▶ [TASK INSTRUCTIONS]:
Look through the data below for the line with "HentaiVN.net - Ảnh" and the line with "Mini excavator Giant g5000tele: picture 6", then transcribe exactly from the first through the second, leaving out all pictures.

▶ [SUPPLIED RECORDS]:
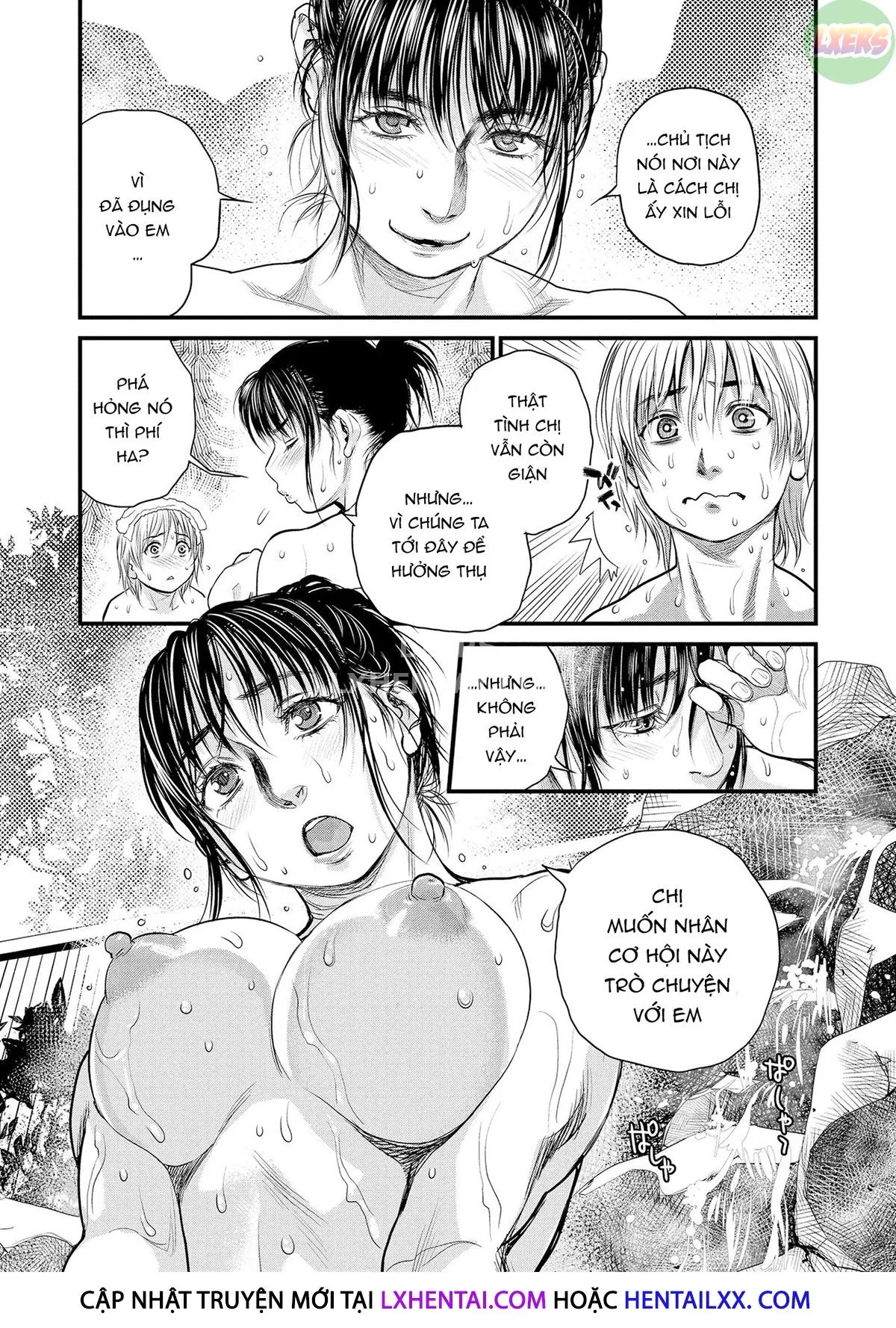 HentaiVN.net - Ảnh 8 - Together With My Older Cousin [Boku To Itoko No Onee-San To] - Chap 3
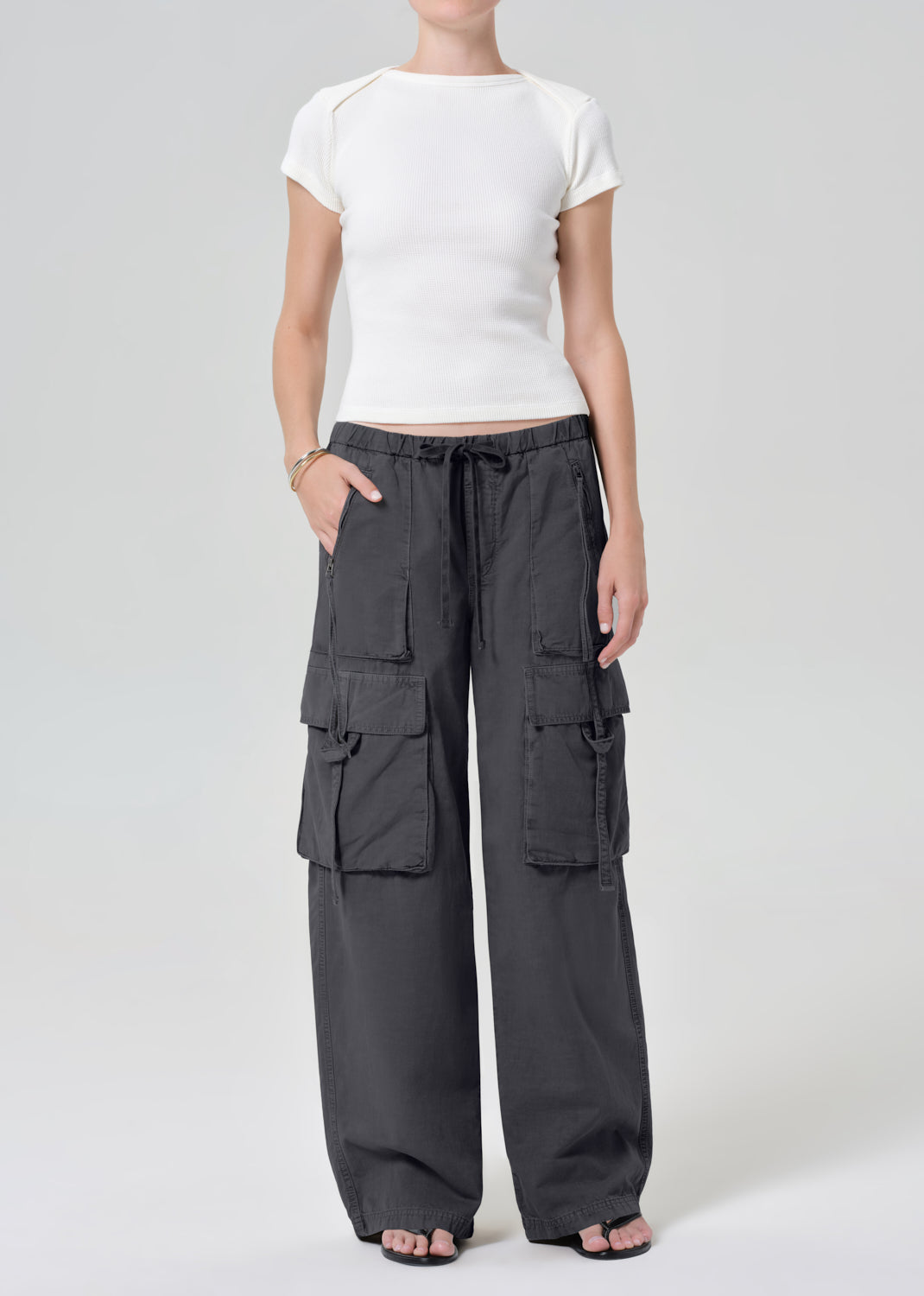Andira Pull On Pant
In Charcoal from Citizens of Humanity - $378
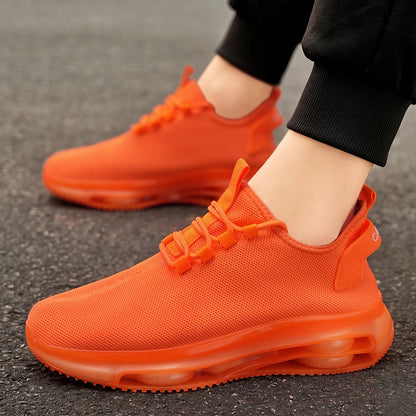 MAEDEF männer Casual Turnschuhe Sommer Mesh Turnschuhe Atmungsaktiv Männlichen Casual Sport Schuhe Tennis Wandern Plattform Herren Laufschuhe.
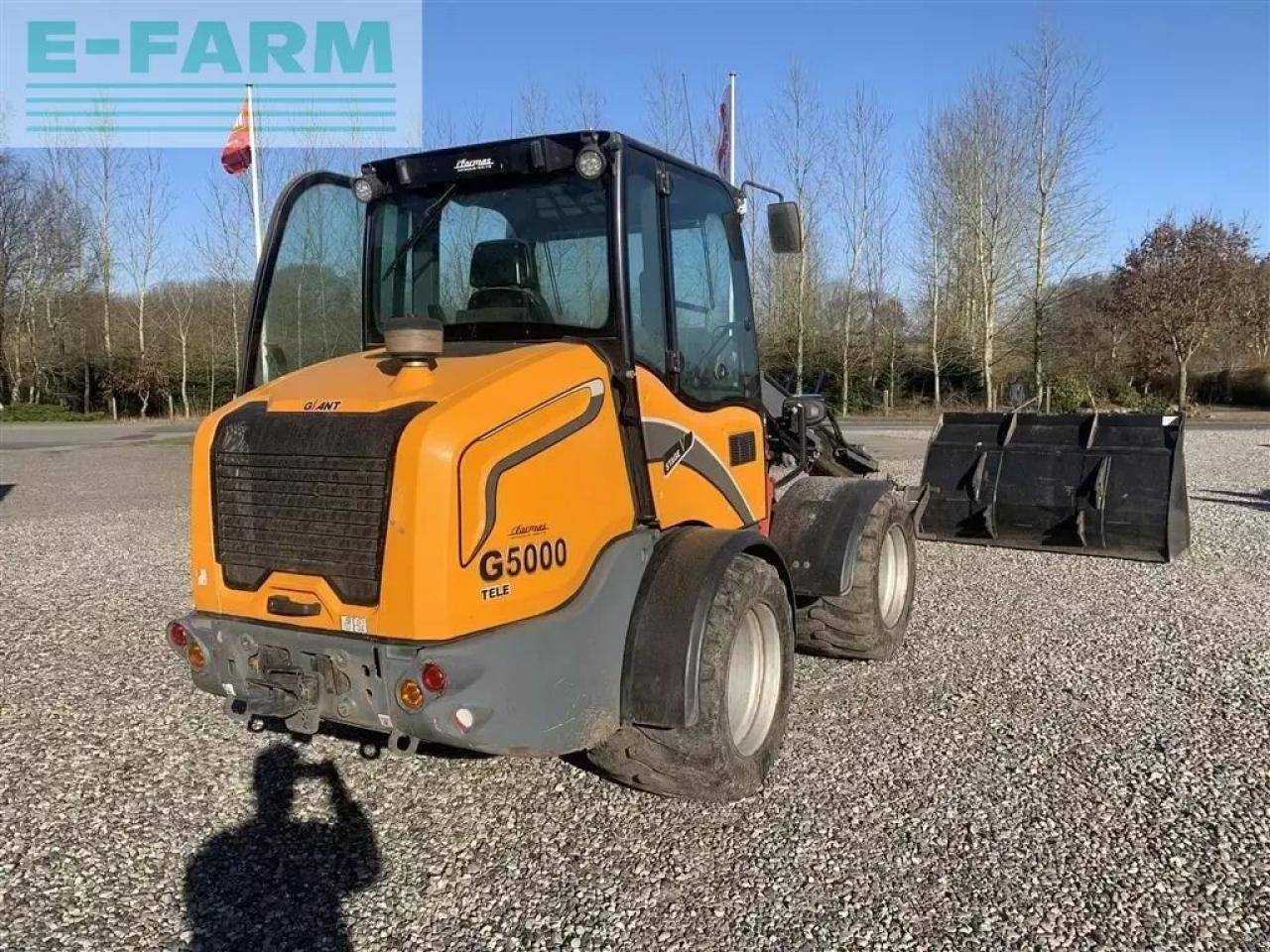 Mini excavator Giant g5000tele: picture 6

...

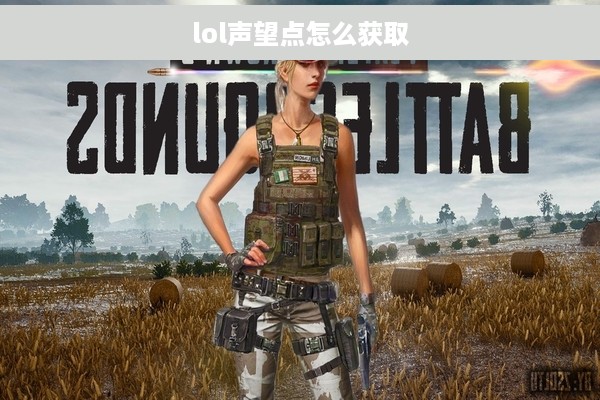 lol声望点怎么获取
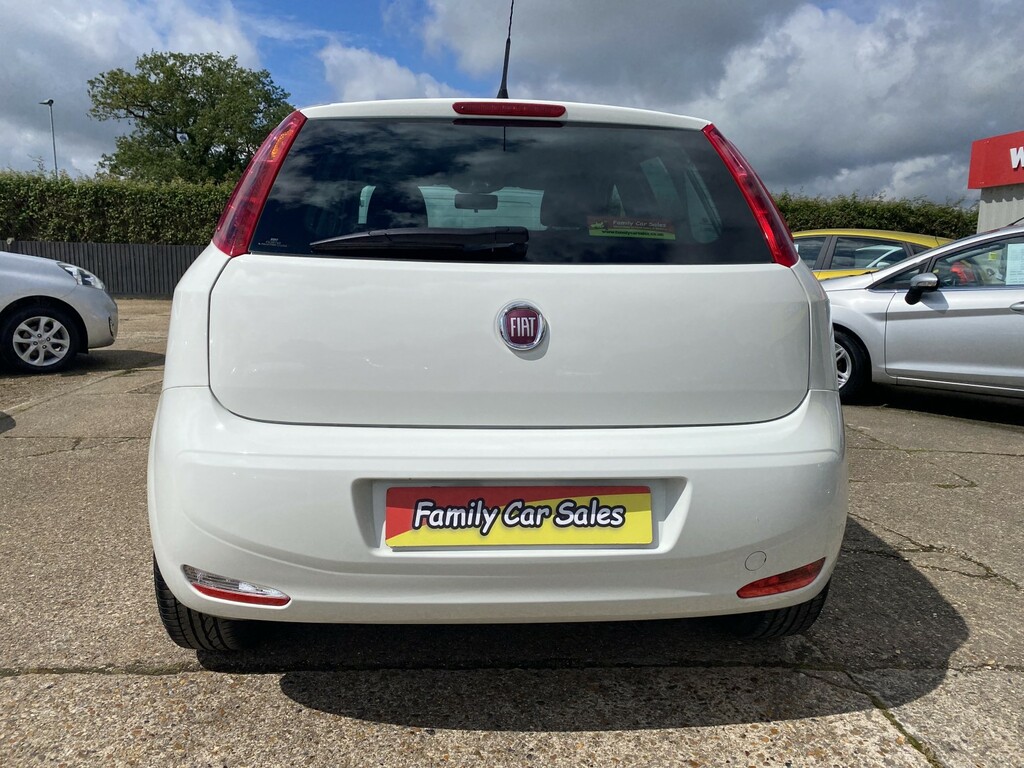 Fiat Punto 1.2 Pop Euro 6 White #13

---

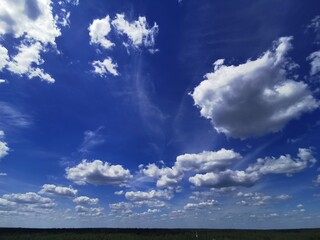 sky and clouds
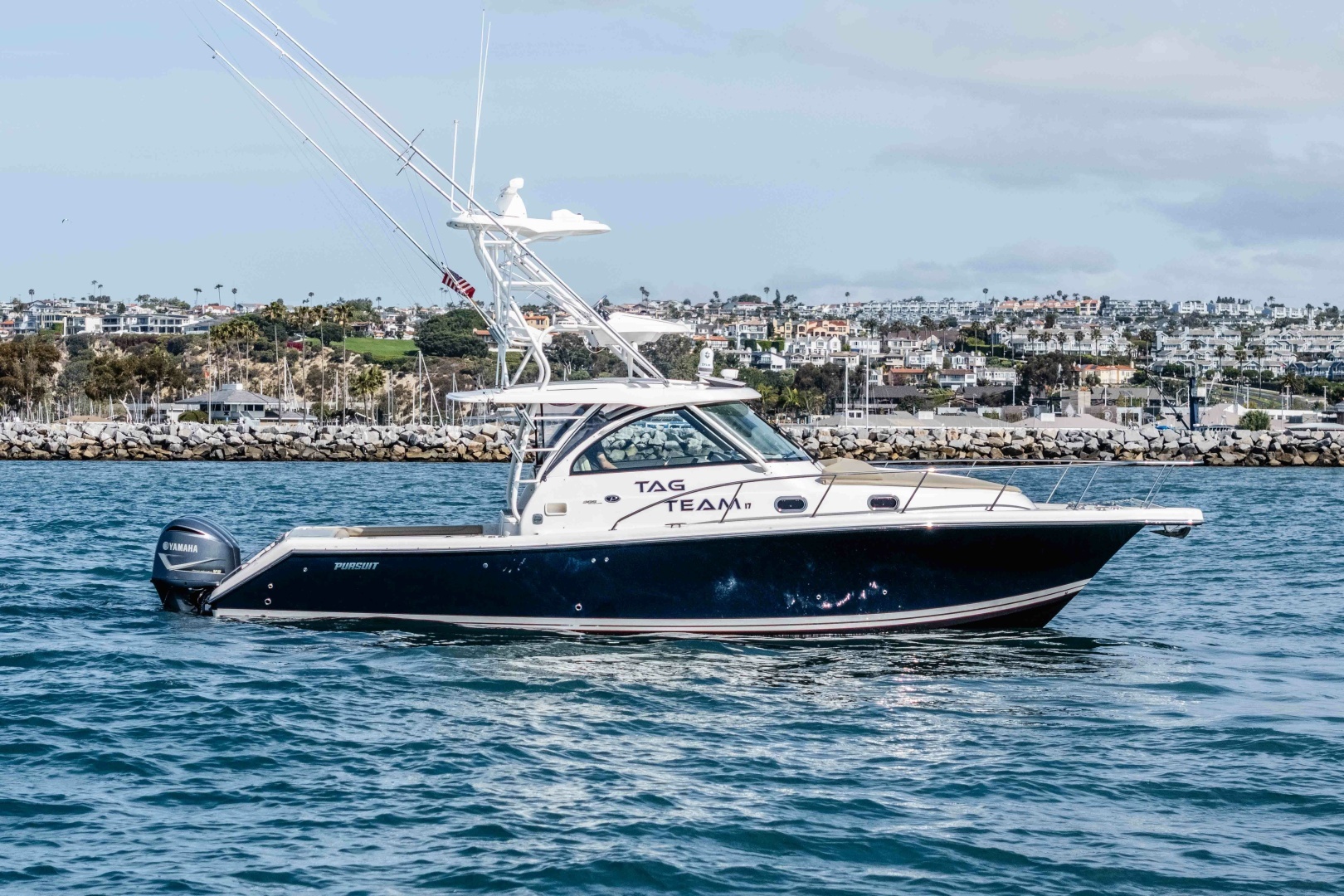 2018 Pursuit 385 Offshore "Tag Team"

▶ [WRITTEN SOLUTION]:
 HentaiVN.net - Ảnh 8 - Together With My Older Cousin [Boku To Itoko No Onee-San To] - Chap 3
Andira Pull On Pant
In Charcoal from Citizens of Humanity - $378
 MAEDEF männer Casual Turnschuhe Sommer Mesh Turnschuhe Atmungsaktiv Männlichen Casual Sport Schuhe Tennis Wandern Plattform Herren Laufschuhe.
 Mini excavator Giant g5000tele: picture 6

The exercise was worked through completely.